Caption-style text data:
- Opening Delimiter -

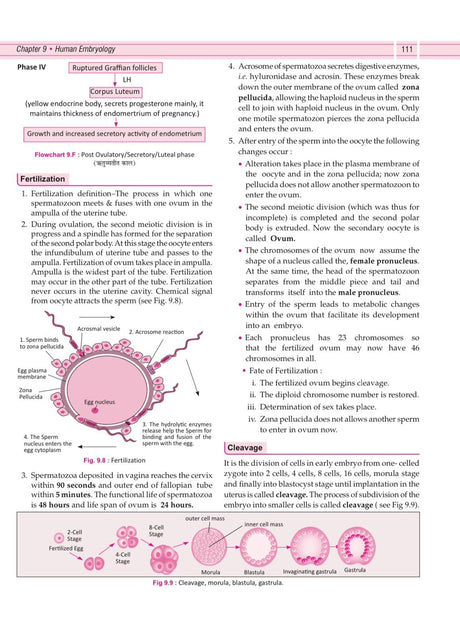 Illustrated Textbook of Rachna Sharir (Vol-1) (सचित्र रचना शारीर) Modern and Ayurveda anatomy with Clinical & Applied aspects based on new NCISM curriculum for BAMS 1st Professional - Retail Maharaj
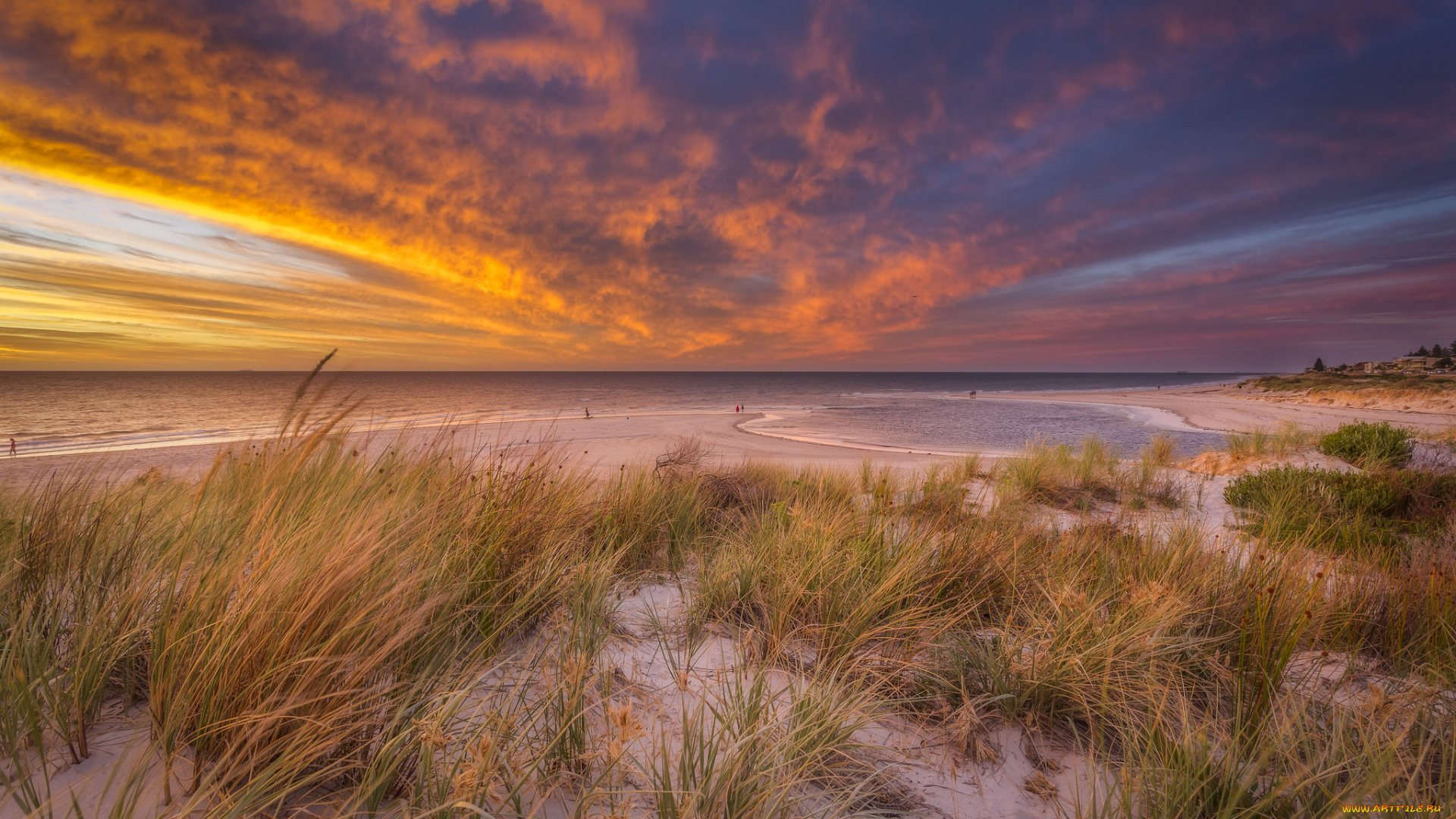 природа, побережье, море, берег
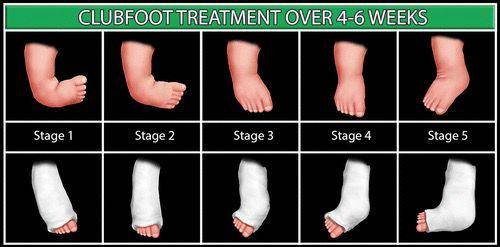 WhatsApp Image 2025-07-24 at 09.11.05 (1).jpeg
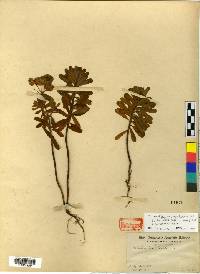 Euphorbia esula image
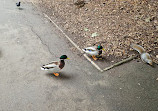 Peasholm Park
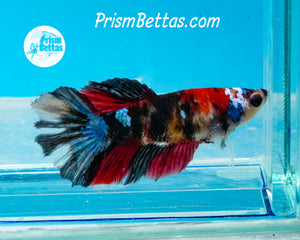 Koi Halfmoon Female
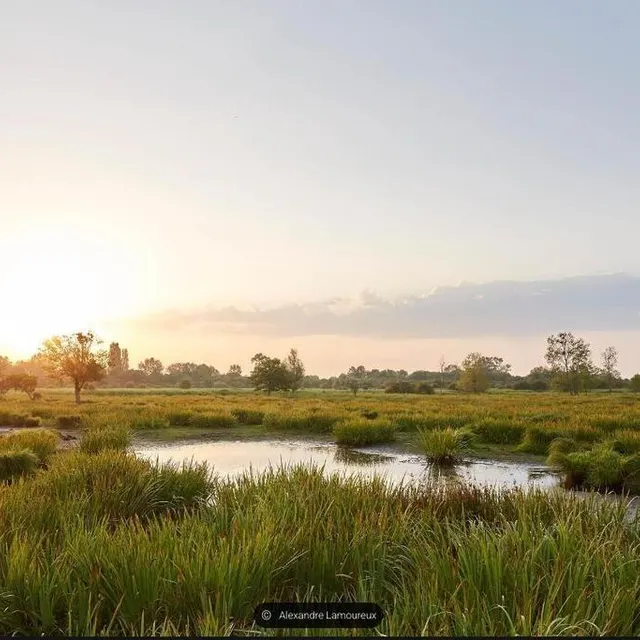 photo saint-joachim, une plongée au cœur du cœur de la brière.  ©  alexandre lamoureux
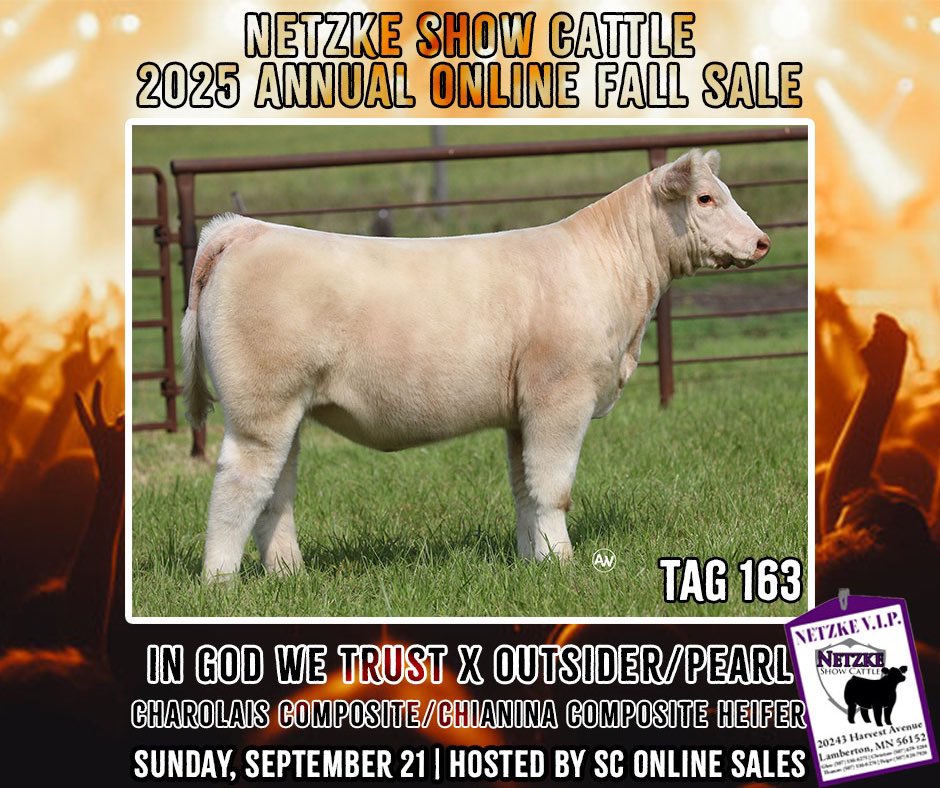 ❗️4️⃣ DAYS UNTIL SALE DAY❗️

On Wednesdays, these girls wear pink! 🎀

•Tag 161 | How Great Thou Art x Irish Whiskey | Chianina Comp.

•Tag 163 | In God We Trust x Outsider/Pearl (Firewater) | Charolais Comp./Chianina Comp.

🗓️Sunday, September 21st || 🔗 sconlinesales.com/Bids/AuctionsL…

- Closing Delimiter -

• **REQUIREMENT**
The result should be the full set of entries above, restated exactly and without images.

• **OUTPUT BELOW**
 Illustrated Textbook of Rachna Sharir (Vol-1) (सचित्र रचना शारीर) Modern and Ayurveda anatomy with Clinical & Applied aspects based on new NCISM curriculum for BAMS 1st Professional - Retail Maharaj
 природа, побережье, море, берег
 WhatsApp Image 2025-07-24 at 09.11.05 (1).jpeg
 Euphorbia esula image
 Peasholm Park
 Koi Halfmoon Female
 photo saint-joachim, une plongée au cœur du cœur de la brière.  ©  alexandre lamoureux
 ❗️4️⃣ DAYS UNTIL SALE DAY❗️

On Wednesdays, these girls wear pink! 🎀

•Tag 161 | How Great Thou Art x Irish Whiskey | Chianina Comp.

•Tag 163 | In God We Trust x Outsider/Pearl (Firewater) | Charolais Comp./Chianina Comp.

🗓️Sunday, September 21st || 🔗 sconlinesales.com/Bids/AuctionsL…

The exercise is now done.